The New Mon State Party (NMSP), is holding a biannual meeting of its Central Committee this week, as leadership considers important decisions before upcoming peace negotiations. The party, one of several armed ethnic groups in Burma, kicked off the week-long meeting at its Headquarters on the eastern bank of the Ye River on April 23.
The NMSP’s Central Committee has 33 regular members and four substitutes, who were called upon for this meeting to fill in for four absences.
“The political situation that we now find ourselves in is very complicated. The Northern Alliance has certain positions, the UNFC [United Nationalities Federal Council] has certain positions and the Government has its own positions. So it is very hard to negotiate and create agreements with so many active parties,” NMSP Chairman Nai Htaw Mon said at the meeting, referring to two coalitions of armed groups.
The aim of this week’s meeting, he said, was to parse the political situation and determine what position NMSP will take regarding negotiations. NMSP, as with many armed groups, already has a unilateral cease-fire with the central government.

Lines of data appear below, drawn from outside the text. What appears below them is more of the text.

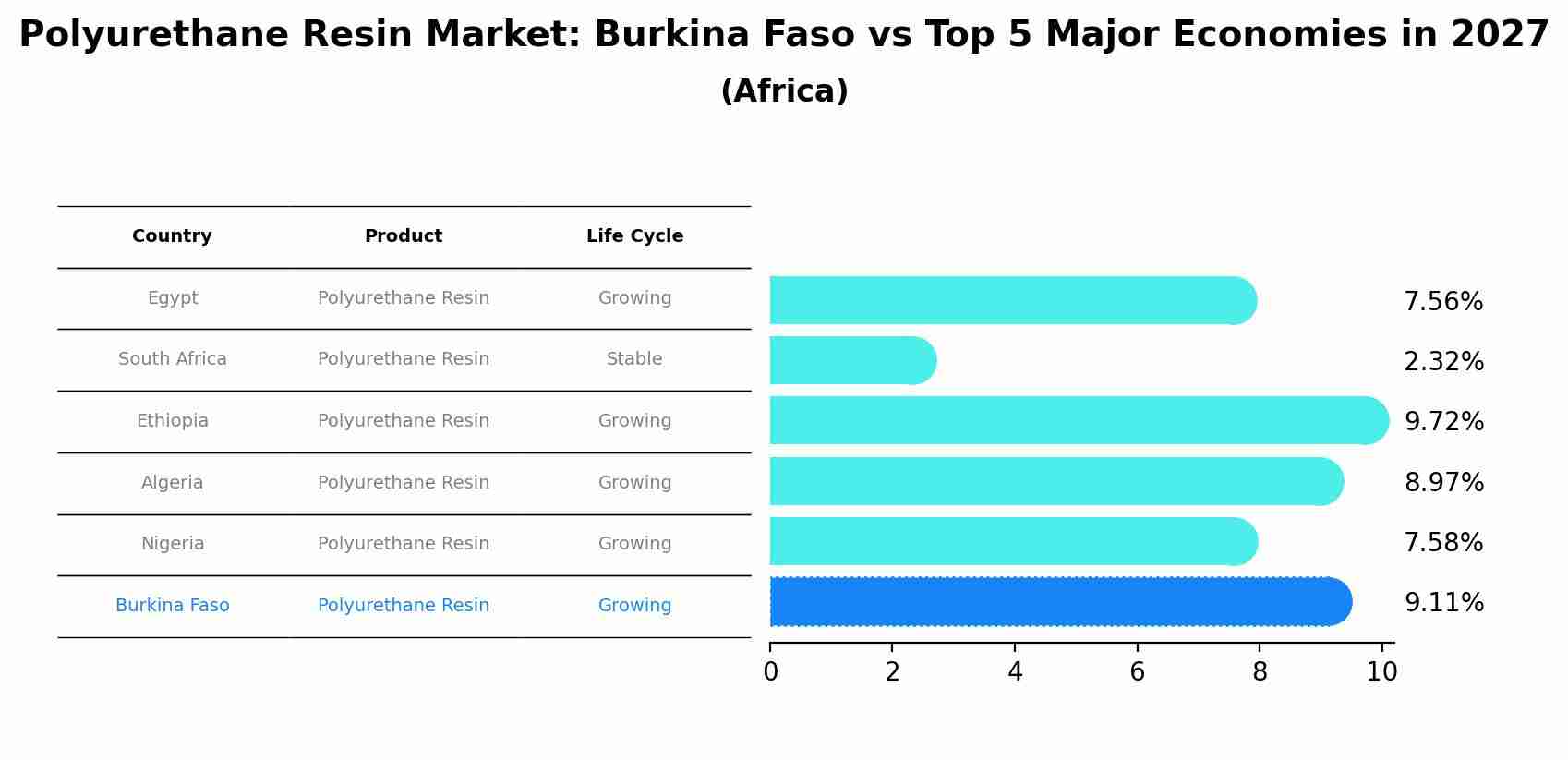 Polyurethane Resin Market: Burkina Faso vs Top 5 Major Economies in 2027 (Africa)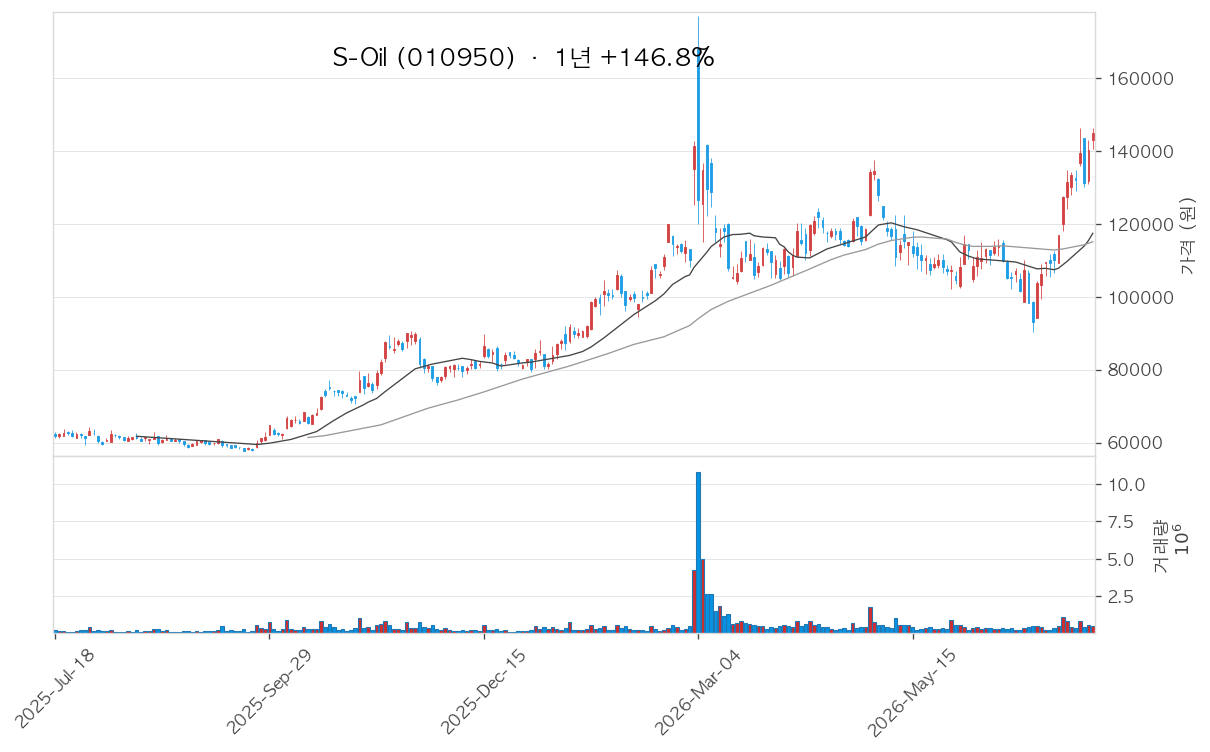 S-Oil 차트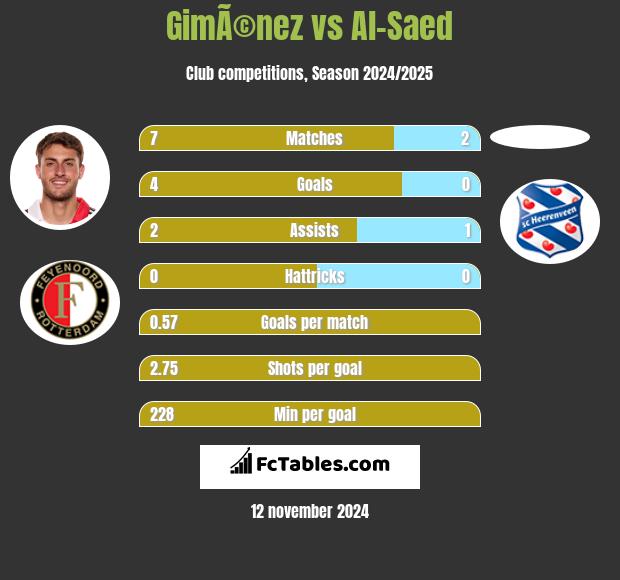 GimÃ©nez vs Al-Saed h2h player stats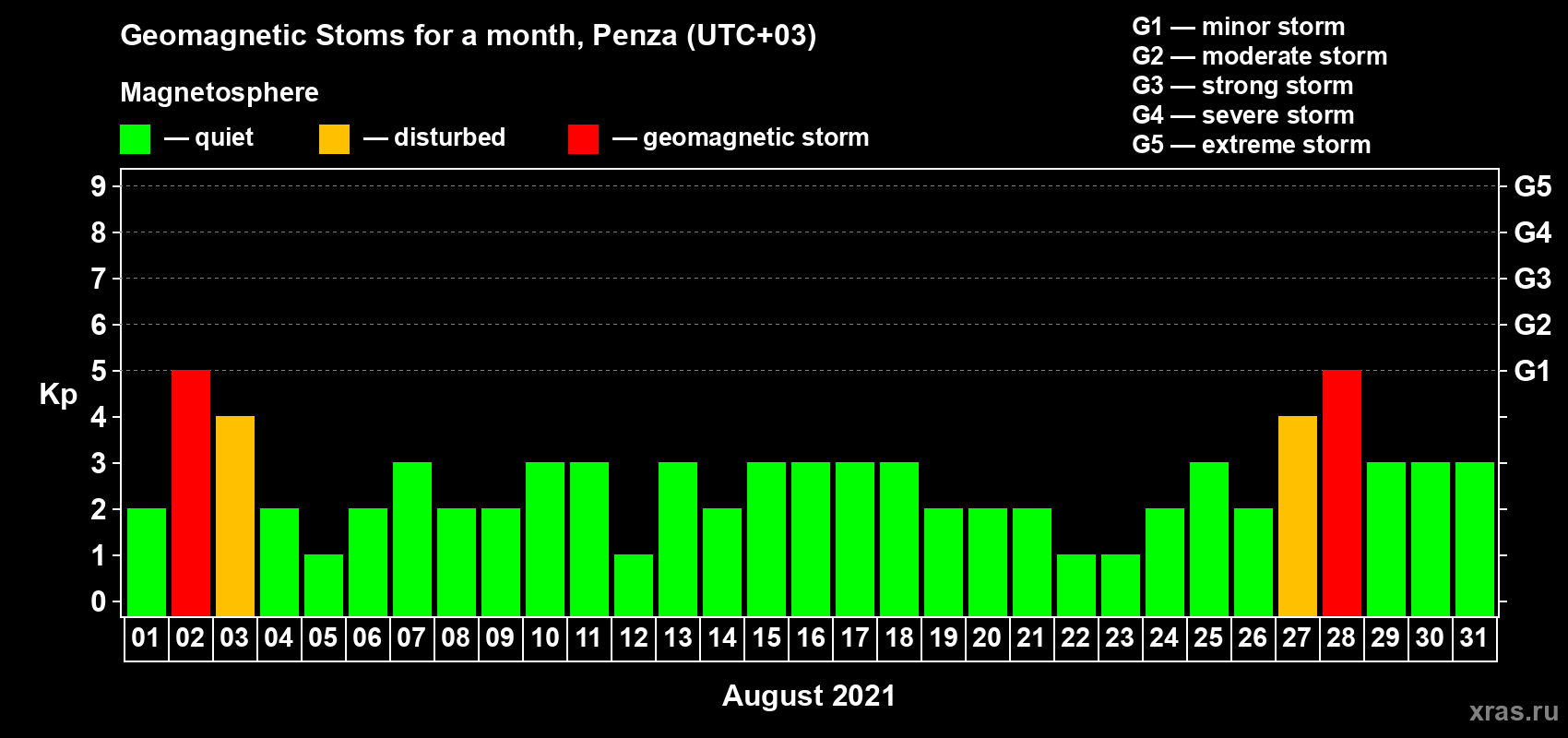 Changes in the maximum daily geomagnetic index Kp in August 2021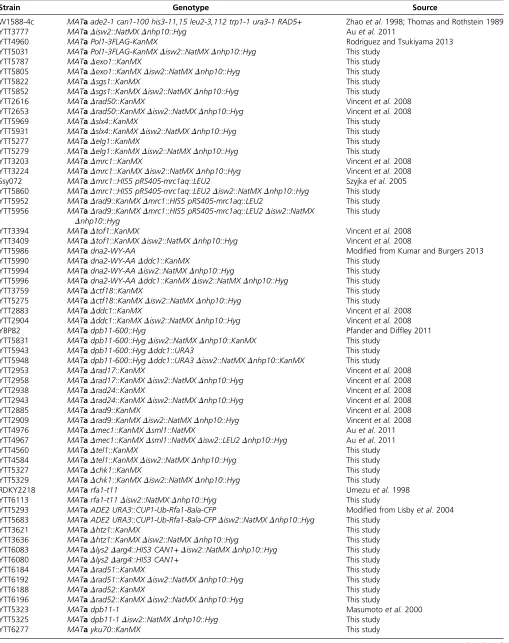 Table 1 Summary of Yeast Strains Used in This Study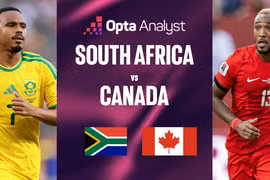 Siêu máy tính dự đoán trận loại trực tiếp đầu tiên: Nam Phi vs Canada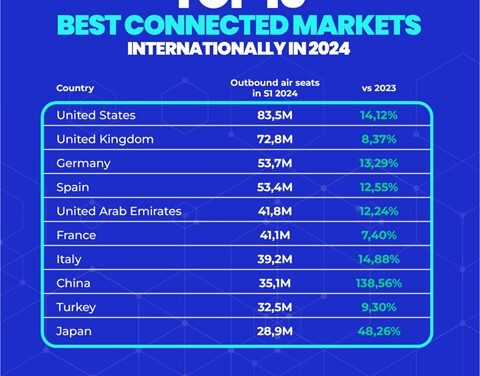 2024 Air Travel Boom: Top 10 Nations Leading Connectivity!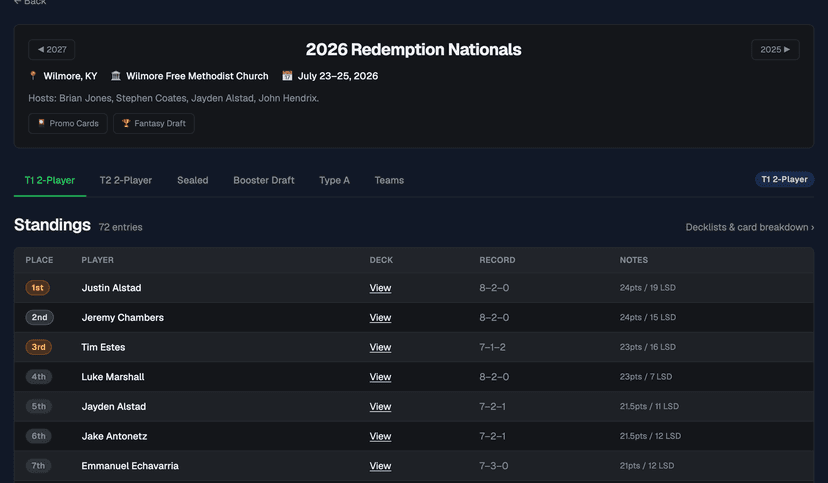 2026 Nationals T1 standings with a View link on every deck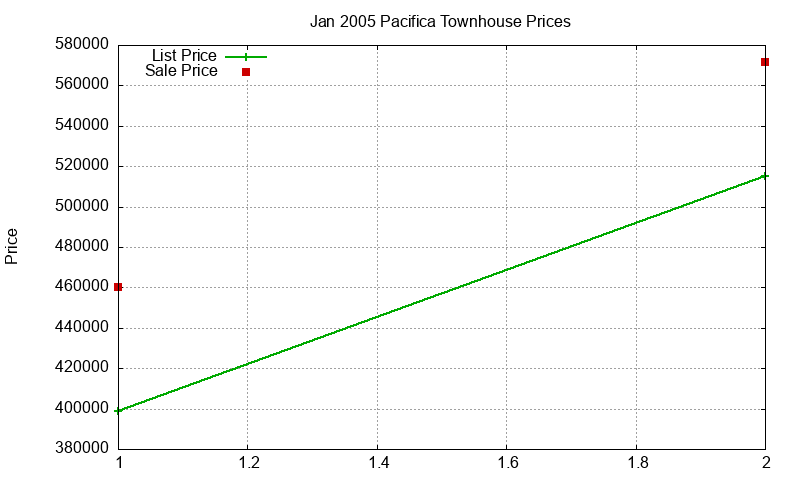 Pacifica Townhouses Just Sold 2005-01 Pacifica Townhouses Just Sold 2005-01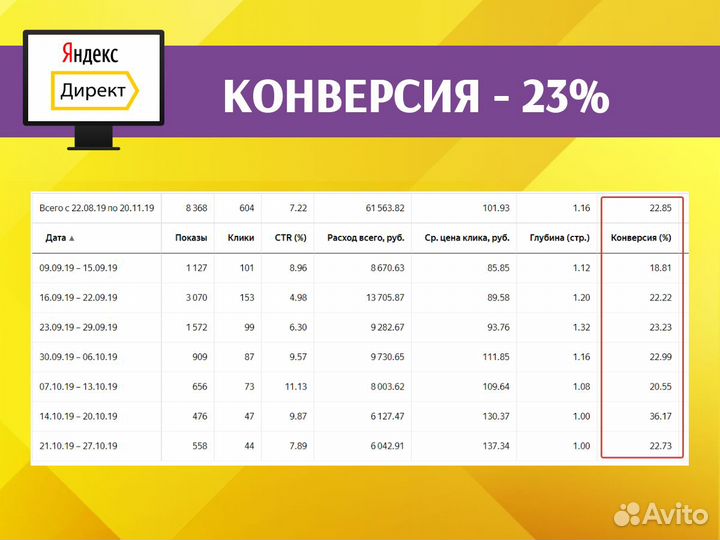 Яндекс Директ. Настройка, ведение. Реклама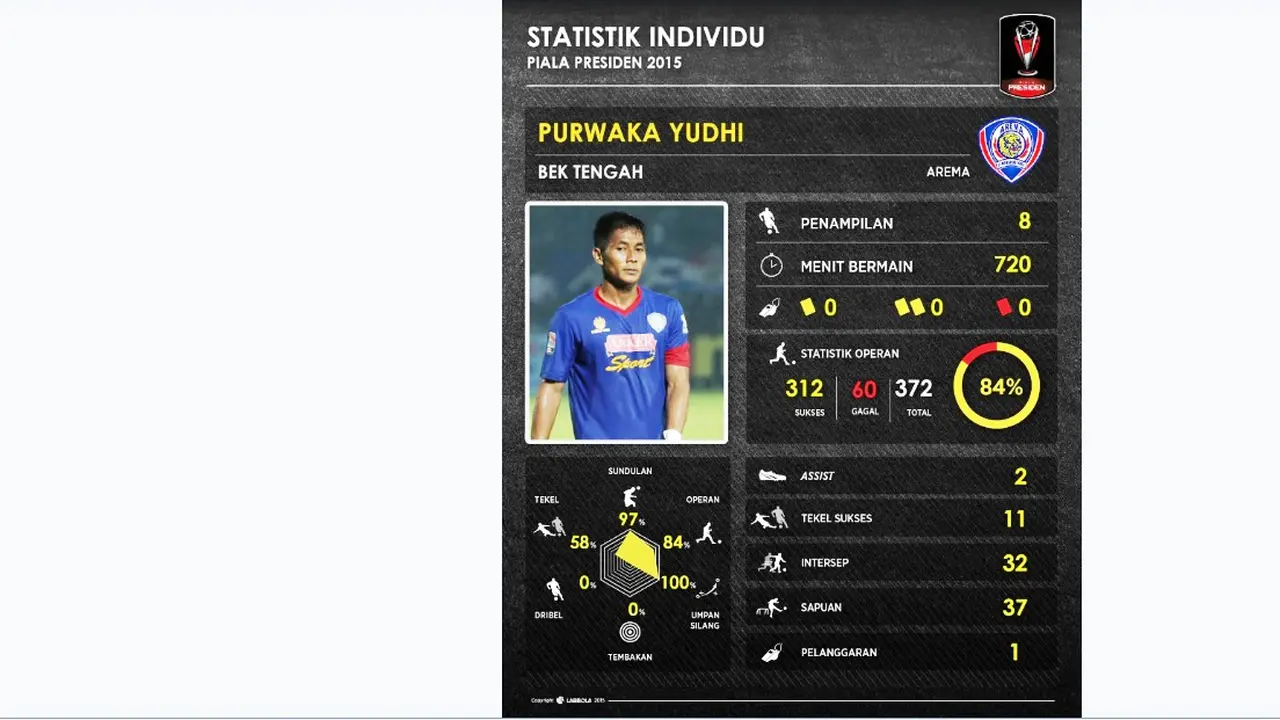 Purwaka Yudi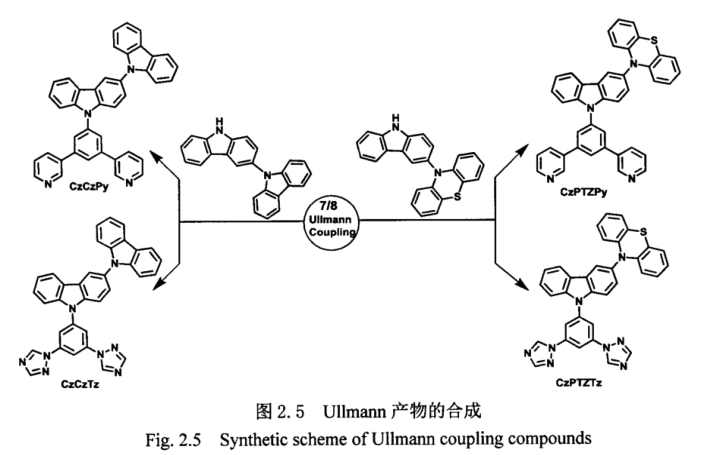 热延迟荧光主体材料CzCzPy及CzCzTz，CzPTZPy及CzPTZTz，3-DCzPy及3-DCzTz的定制合成）（）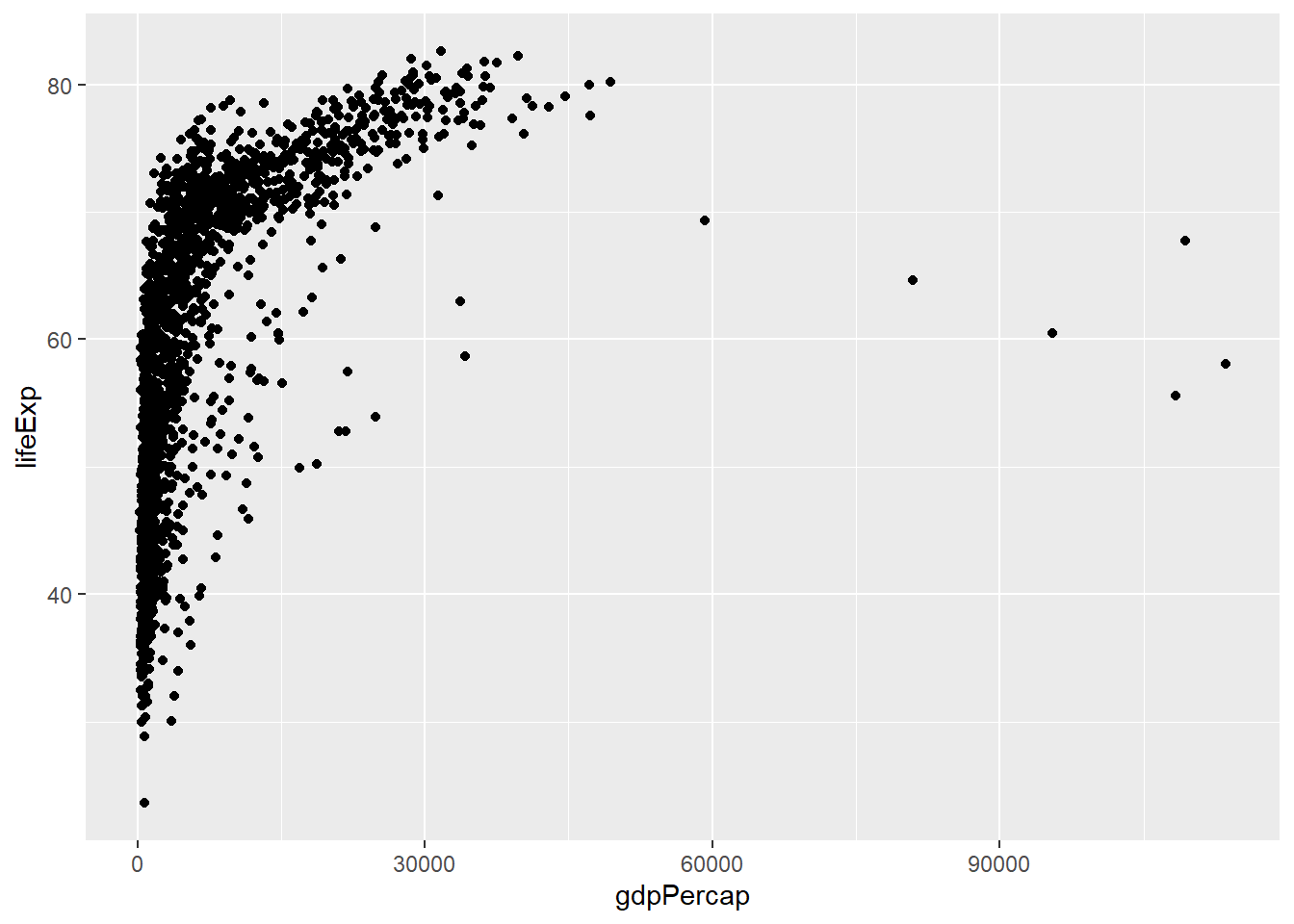 Gapminder dataset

But the government has made participation in the upcoming second round of national peace talks contingent on groups signing a Nationwide Ceasefire Agreement (NCA).
The NMSP’s Central Committee will vote at this week’s meeting on whether it will join the NCA. It will also discuss efforts to unify the two Mon ethnic parties — All Mon Regions Democracy Party and Mon National Party — and the current political climate in the state.